SEVEN TRUTHS ABOUT HISTORY FROM THE NEW YORKER'S JILL LEPORE
Meet The Attic’s favorite historian.
Along with writing for The New Yorker, Jill Lepore somehow found time to write the first comprehensive American history in years, and the fairest. These Truths: A History of the United States covers the country from Columbus to the previous president. And like Lepore’s New Yorker pieces, the book is surprising, engaging, and just kind of wonderful. (Or as wonderful as a 782-page American history can be.)
Lepore seems to have read everything, studied everyone. But along with scope, she offers insights on history’s messy struggle to find truth. Here are a handful:
1. “To study the past is to unlock the prison of the present.”
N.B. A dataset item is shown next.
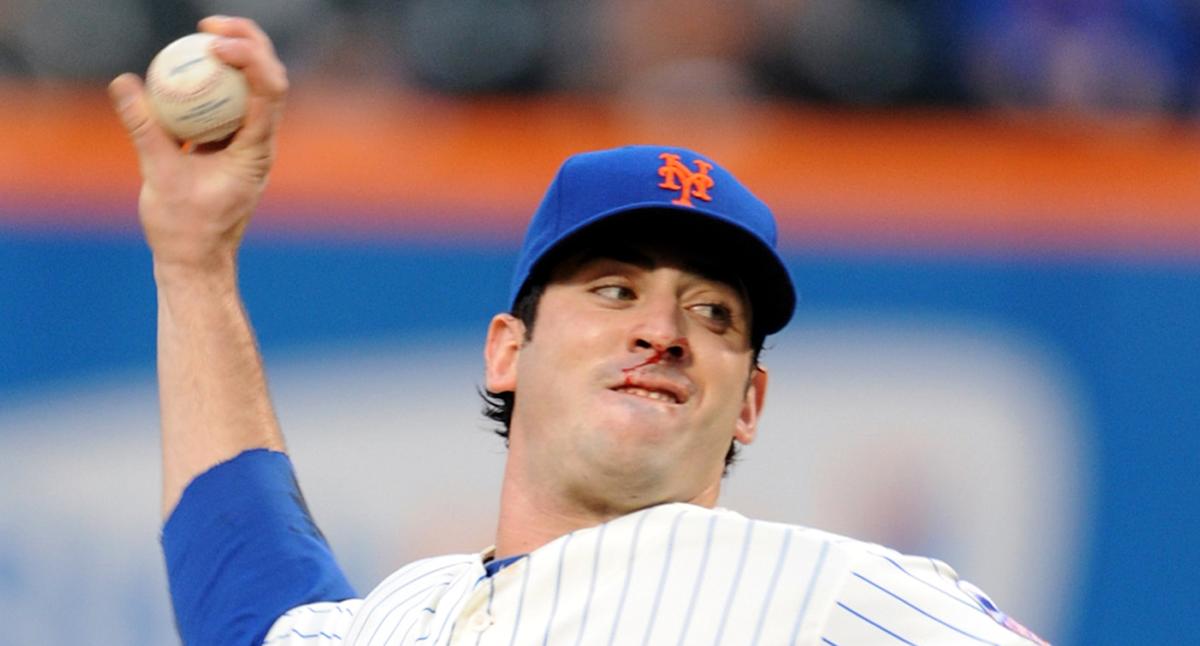 1645062373 Matt Harvey his blood in the nose and the scandal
2. “My method is, generally, to let the dead speak for themselves. I’ve pressed their words between these pages, like flowers, for their beauty, or like insects, for their hideousness.”
3. “The work of the historian is not the work of the critic or of the moralist; it is the work of the sleuth and the story-teller, the philosopher and the scientist, the keeper of tales, the sayer of sooth, the teller of truth.”
4. “I once came across a book called The Constitution Made Easy. The Constitution cannot be made easy. It was never meant to be easy.”
5. “There is, to be sure, a great deal of anguish in American history and more hypocrisy. No nation and no people are relieved of these. But there is also, in the American past, an extraordinary amount of decency and hope, of prosperity and ambition, and much, especially, of invention and beauty.”
6. “Some American history books fail to criticize the United States; others do nothing but. This book is neither kind. The truths on which the nation was founded are not mysteries, articles of faith, never to be questioned, as if the founding were an act of God, but neither are they lies, all facts fictions, as if nothing can be known, in a world without truth. Between reverence and worship, on the one side, and irreverence and contempt, on the other, lies an uneasy path.”
7. “The past is an inheritance, a gift and a burden. It can’t be shirked. You carry it everywhere. There’s nothing for it but to get to know it.”